Not to dismiss the nub of this piece which makes a valid point but, and I’m not trying to be facetious here, much like Portland Oregon, are more people moving toward SF or away ‘because of this’, and are house prices in the region going up or down?

G A
G A
2 years ago

Lol’d at the profiles of the two case studies. Total obliviousness.

Ed Morris
Ed Morris
2 years ago

Luckily for SF, the large Asian population is unlikely to be duped by the hollow ideology of the left for very long.
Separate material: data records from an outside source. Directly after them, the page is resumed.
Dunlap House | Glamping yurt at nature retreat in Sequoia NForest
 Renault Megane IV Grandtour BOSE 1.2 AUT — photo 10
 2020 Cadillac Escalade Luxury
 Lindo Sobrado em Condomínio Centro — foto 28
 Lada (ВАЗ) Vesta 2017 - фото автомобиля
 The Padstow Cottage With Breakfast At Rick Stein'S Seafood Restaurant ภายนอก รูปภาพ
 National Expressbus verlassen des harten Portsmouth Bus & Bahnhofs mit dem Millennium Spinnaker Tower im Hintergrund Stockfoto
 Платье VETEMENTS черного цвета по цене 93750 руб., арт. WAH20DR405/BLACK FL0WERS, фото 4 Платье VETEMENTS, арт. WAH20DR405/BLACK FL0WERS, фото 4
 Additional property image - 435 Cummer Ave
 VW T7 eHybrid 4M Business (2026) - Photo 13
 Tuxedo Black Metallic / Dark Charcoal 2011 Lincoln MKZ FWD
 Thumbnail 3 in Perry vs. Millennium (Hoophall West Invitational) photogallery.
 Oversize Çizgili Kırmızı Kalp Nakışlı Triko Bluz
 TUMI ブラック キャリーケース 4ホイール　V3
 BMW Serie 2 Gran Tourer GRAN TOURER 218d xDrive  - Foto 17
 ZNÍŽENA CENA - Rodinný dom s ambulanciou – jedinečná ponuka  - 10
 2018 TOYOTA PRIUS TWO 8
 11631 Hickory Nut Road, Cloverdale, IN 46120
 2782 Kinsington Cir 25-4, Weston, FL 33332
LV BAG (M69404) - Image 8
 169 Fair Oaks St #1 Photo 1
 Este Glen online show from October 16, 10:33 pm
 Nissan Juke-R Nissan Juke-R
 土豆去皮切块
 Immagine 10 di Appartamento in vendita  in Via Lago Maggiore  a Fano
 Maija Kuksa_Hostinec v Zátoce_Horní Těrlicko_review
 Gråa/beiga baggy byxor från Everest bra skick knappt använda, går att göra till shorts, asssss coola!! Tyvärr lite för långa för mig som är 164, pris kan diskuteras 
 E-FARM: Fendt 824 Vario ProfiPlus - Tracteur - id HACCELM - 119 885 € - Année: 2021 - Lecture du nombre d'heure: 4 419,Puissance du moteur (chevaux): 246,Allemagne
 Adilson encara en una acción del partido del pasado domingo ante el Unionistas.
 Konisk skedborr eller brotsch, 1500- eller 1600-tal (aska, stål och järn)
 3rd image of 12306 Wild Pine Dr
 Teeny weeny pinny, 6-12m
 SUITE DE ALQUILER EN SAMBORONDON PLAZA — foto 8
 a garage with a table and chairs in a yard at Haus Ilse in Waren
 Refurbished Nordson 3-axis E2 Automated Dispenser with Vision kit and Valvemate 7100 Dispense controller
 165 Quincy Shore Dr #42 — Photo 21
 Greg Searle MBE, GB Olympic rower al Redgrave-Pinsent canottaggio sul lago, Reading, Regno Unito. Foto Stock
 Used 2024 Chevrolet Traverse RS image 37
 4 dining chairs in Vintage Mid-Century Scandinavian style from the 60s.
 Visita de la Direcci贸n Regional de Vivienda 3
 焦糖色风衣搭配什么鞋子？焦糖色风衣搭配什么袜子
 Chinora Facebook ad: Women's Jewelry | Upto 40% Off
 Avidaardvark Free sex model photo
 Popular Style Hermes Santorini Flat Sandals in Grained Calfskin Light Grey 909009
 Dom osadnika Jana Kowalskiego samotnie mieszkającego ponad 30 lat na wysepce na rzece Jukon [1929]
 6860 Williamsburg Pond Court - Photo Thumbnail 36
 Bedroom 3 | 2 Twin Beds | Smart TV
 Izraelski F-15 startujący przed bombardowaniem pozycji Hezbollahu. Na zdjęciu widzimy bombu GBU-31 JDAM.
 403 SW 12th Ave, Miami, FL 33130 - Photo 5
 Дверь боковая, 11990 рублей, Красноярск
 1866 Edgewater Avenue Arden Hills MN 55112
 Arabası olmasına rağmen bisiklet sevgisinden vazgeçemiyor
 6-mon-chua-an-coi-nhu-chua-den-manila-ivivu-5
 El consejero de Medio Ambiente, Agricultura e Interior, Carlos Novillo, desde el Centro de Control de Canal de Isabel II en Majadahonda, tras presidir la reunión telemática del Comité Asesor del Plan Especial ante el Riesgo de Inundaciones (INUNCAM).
Last edited 2 years ago by Ed Morris
Wilmot Britt
Wilmot Britt
2 years ago

For the progressive goals of the Boudins (both of whom are white), Officer Waverly Brown, the first African-American police officer in Nyack, paid with his life.”
(Both of whom are white Jewish). There is a relevant distinction there, seeing as the Boudins likely care more about their Jewishness than some overarching theme of Whiteness. Many Leftist Jews see their historical entanglement with native Europeans (Germans, French, etc.) as one as the oppressed, which is part of the reason they pick up the social justice torches for Blacks–perceived allies in the broader struggle. Therefore, many don’t identify as White, despite appearing so.

Kathy Prendergast
Kathy Prendergast
2 years ago
Reply to  Wilmot Britt

They’re not religious Jews, though.

Robin Lambert
Robin Lambert
2 years ago

Looks like Bye bye..

myaglubpanny
myaglubpanny
2 years ago

BECAUSE it is all about BEHAVIOR, CONDUCT, CHARACTER. NOTHING is about race–to suggest so is a fallacy. There are many other races who have acculturated to the melting pot that is America, but those who have not–are causing the problems.

JP Edwards
JP Edwards
2 years ago

And the ongoing problem with human faeces littering the streets as the liberal policies seem to have driven up the numbers of drug addicts and homeless.
https://youtu.be/ld6qYJe4pRs

Steven Campbell
Steven Campbell
2 years ago

The local Chinatown activist seems to think that the released prisoners are all Trump supporters just trying to go after Asians because of what he said about China. From such great thinking are cities destroyed.

Cynthia Neville
Cynthia Neville
2 years ago

Wish you wrote more.

N Millington
N Millington
2 years ago

By the stats its still no worse than Dallas.

Kathy Prendergast
Kathy Prendergast
2 years ago
Reply to  N Millington

In terms of crime rate, or just quality of life in general?

N Millington
N Millington
2 years ago

Crime rate is comparable. Quality of life self reported vastly superior I believe.

mark taha
mark taha
2 years ago

The guy’s a jerk but America does imprison too many for too long. No victim,no crime.

Annette Kralendijk
Annette Kralendijk
2 years ago
Reply to  mark taha

America imprisons too many criminals? Which ones would you like not to imprison?

Kathy Prendergast
Kathy Prendergast
2 years ago
Reply to  mark taha

“No victim, no crime”…Does that include theft?